Fakat unutma bu kitabın yazılma amacı, yaşayarak değil; okuyarak öğrenmenden geçiyor.
Bebeğine bez bulamadığı için poşet kullanan anneleri, daha ufacıkken annesinin yanında olan veya koparılan çocukların çığlıklarına şahitlik ediyoruz. Kendi hayatımıza şükrederken, bir ağaç fotoğrafının bir mahkumda uyandırabileceği hislere üzülüyoruz.

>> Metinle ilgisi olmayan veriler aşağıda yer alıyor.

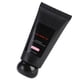 thumbnail image 4 of Revolucionario constructor de gel UV para uñas de 30 ml para pegamento para puntas de manicura artística (rosa), 4 of 7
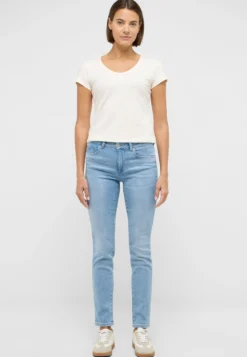 Jeans Style Shelby Slim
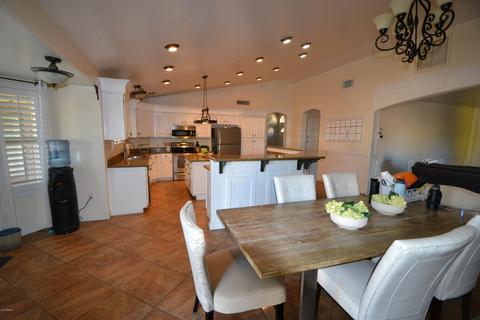 15415 E Orchid Ln, Gilbert, AZ 85296 photo 10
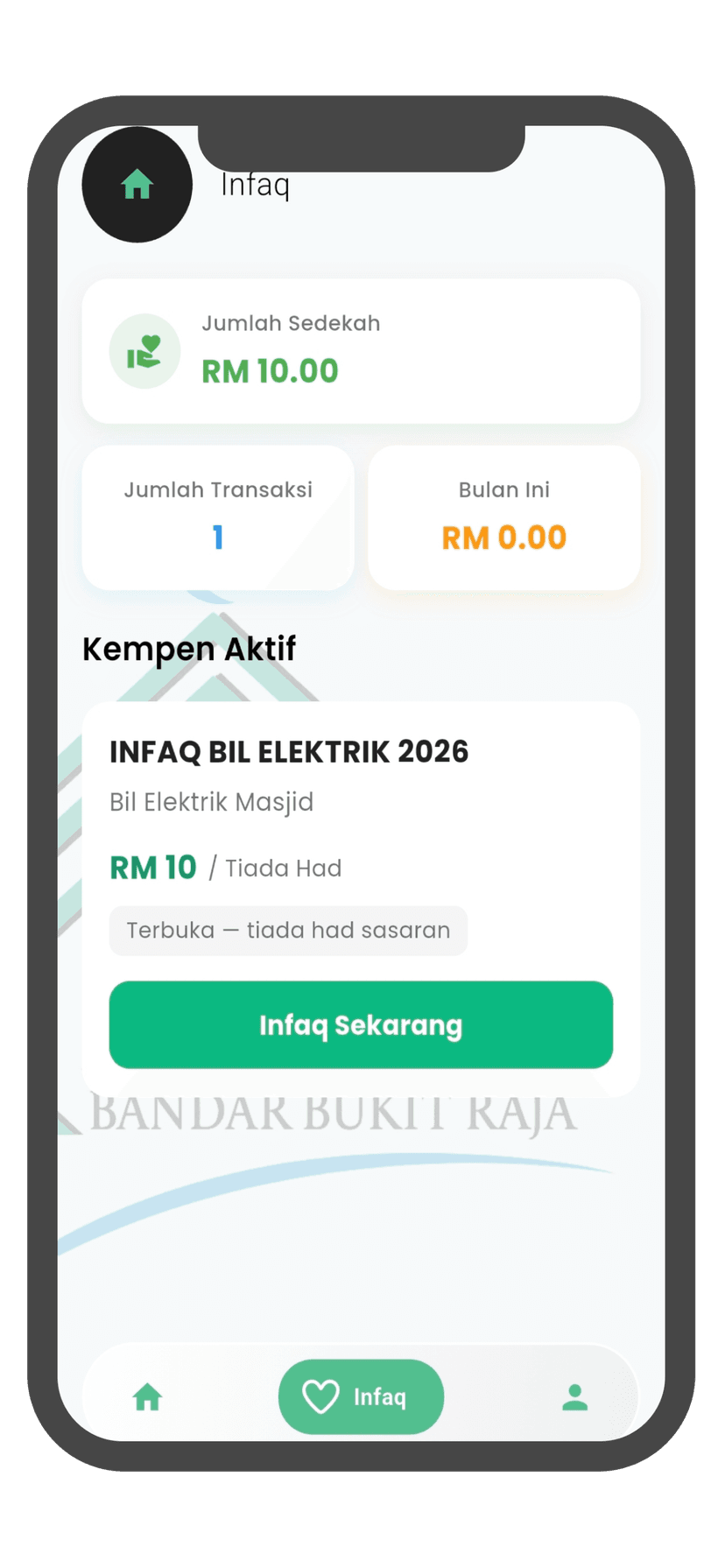 Mobile Preview 2
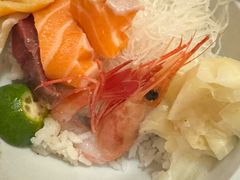 -长崎屋·日本料理·刺身·烧鸟(天河北路店)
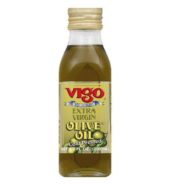 Vigo Olive Oil Extra Virgin  8.5 oz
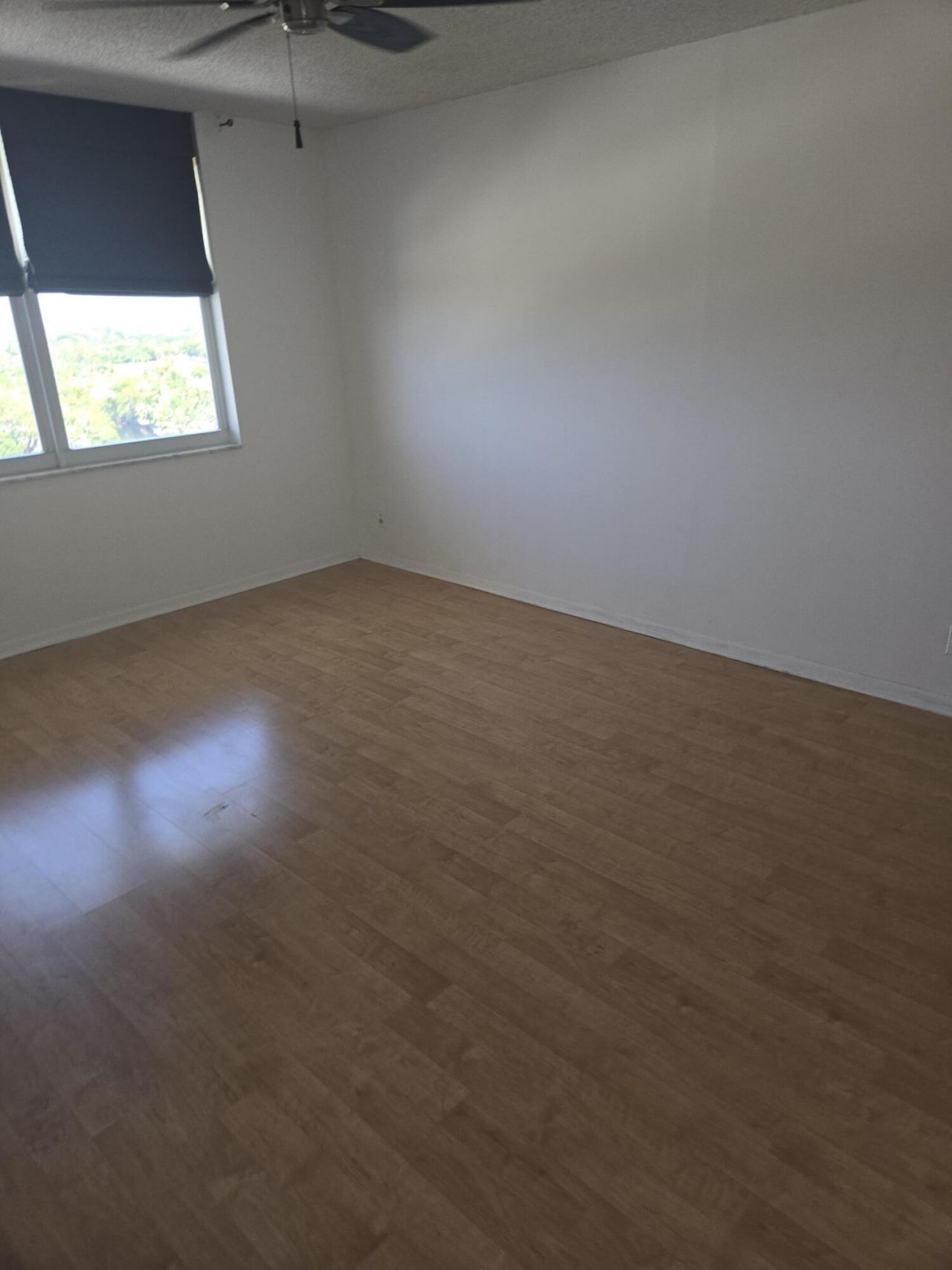 1800 N Andrews Avenue, Unit Ph-b, Fort Lauderdale, FL 33311 Photo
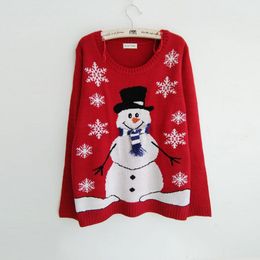 novelty christmas dress womens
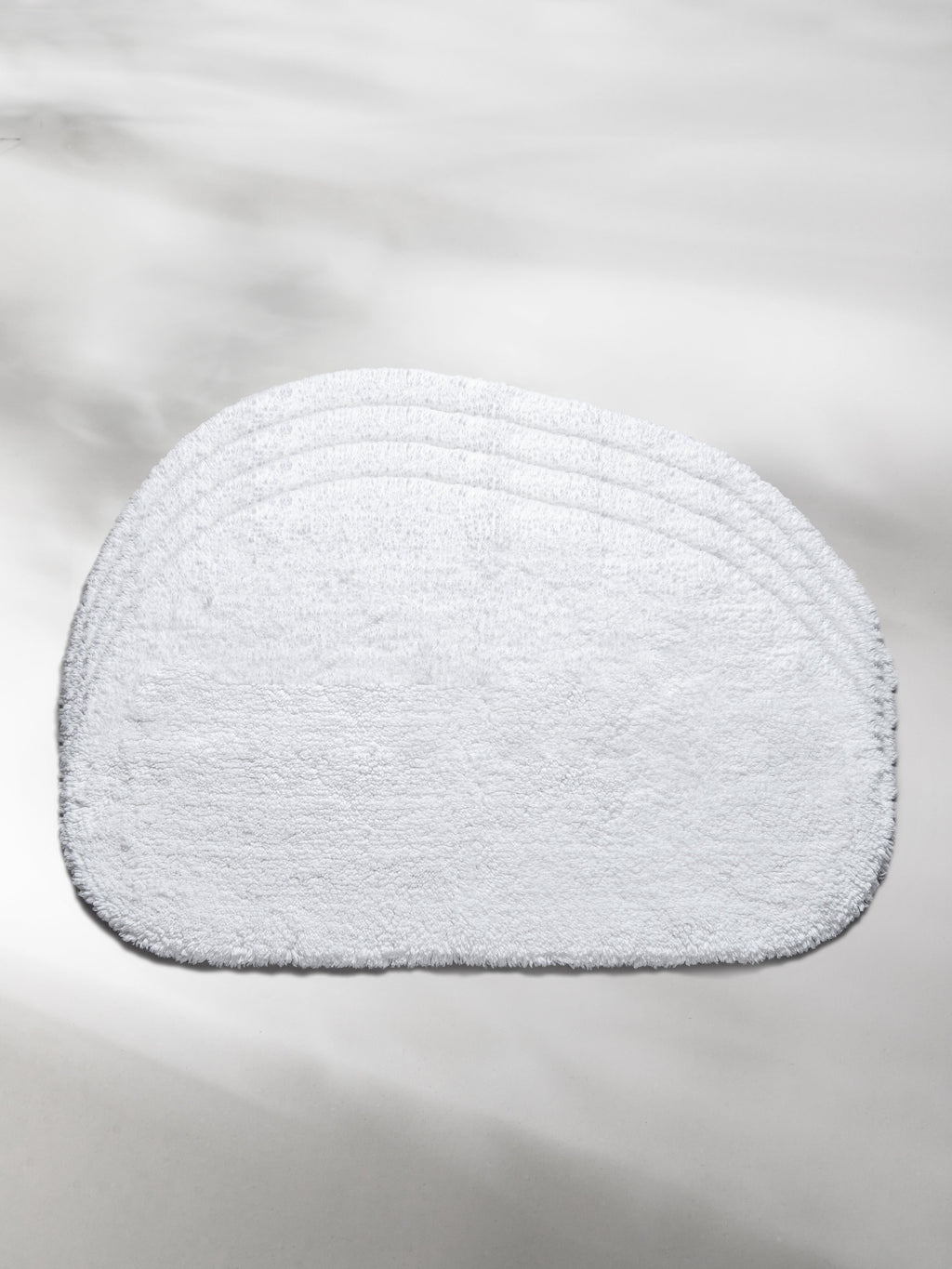 Bath Rugs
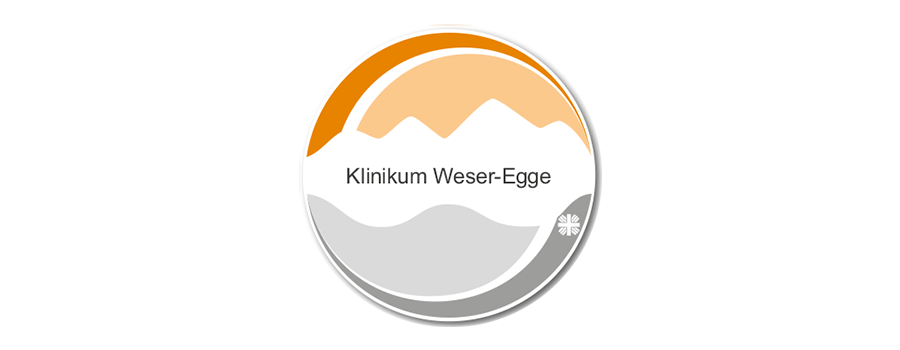 St. Ansgar Krankenhaus Höxter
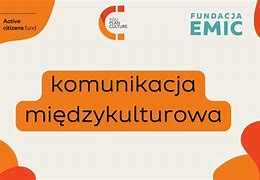 Image result for co_to_znaczy_zarządzanie_międzykulturowe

Pembe Oda’yı, mahkumların yaşadıklarını, verilen yemeklerin devlet tarafından her mahkumdan fazla fazla çıkarıldığını okuyarak şaşıracak, her bir detayı zihninize kazıyacaksınız.
Z.G –
🖋🖋Beyninizin durduğu noktada geri adım attığınızda iç benliğiniz size hep hatırlatıyor: cezaevindesin ! Burası tüm kuralların baştan yazıldığı, dış dünyadan kopup, kimliğinizi yeniden yarattığınız bir mekan niteliğinde. Özgürlüğe muhtaç fakat kendinizi eğitip, dolu bir şekilde dışarıya gururla adım atabileceğiniz veya geri adım atıp suçlarınıza yenilerini ekleyebileceğiniz bir ev hayal edin. Hiç bilmediğiniz insanlarla aynı sofrada yiyecek, yeri geldiğinde olaylara anlam veremeyecek, yeri geldiğinde de haksızlığa karşı konuşmak isteyeceksiniz.